• WHAT YOU ARE ASKED TO DO
Would you reproduce exactly the lines below from the one holding "plataforma amarela bet" through the one holding "William Thompson: Sir", inclusive, and no others?

• AVAILABLE RECORDS
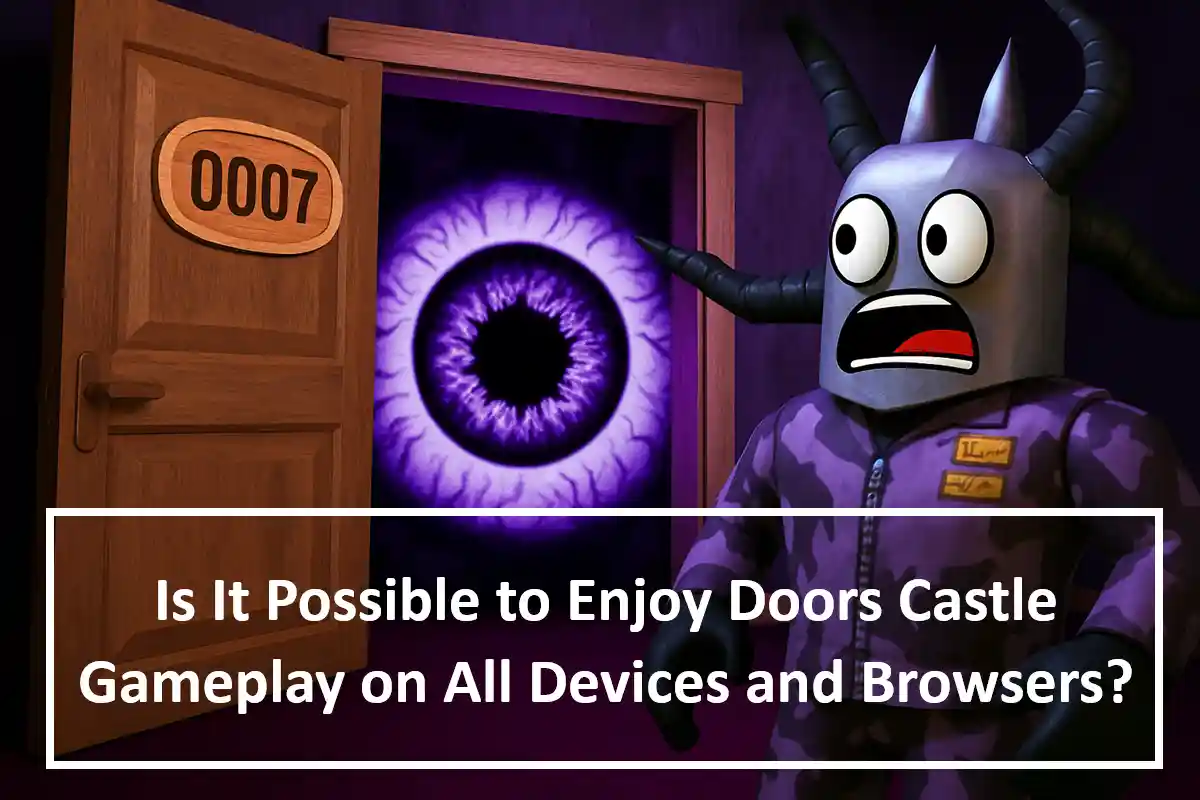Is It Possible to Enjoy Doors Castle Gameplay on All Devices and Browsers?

--

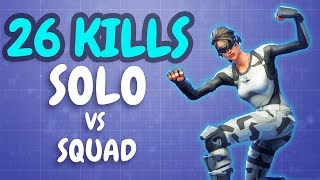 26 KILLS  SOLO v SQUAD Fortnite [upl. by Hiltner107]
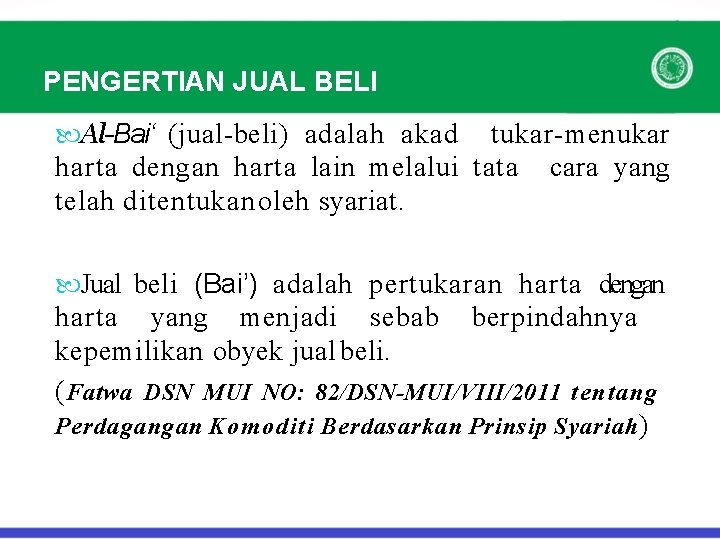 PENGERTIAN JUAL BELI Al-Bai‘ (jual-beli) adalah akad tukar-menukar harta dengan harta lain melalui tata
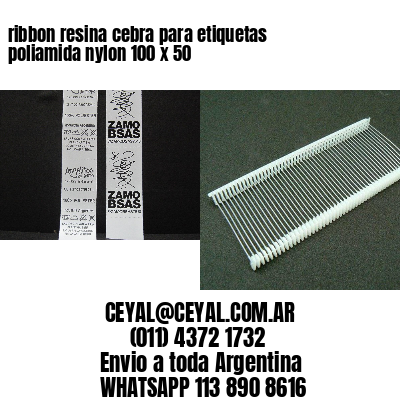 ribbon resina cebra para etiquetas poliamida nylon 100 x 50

...

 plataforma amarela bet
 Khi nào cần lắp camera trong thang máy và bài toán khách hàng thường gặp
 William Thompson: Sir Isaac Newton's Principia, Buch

• TASK RESULT
 plataforma amarela bet
 Khi nào cần lắp camera trong thang máy và bài toán khách hàng thường gặp
 William Thompson: Sir Isaac Newton's Principia, Buch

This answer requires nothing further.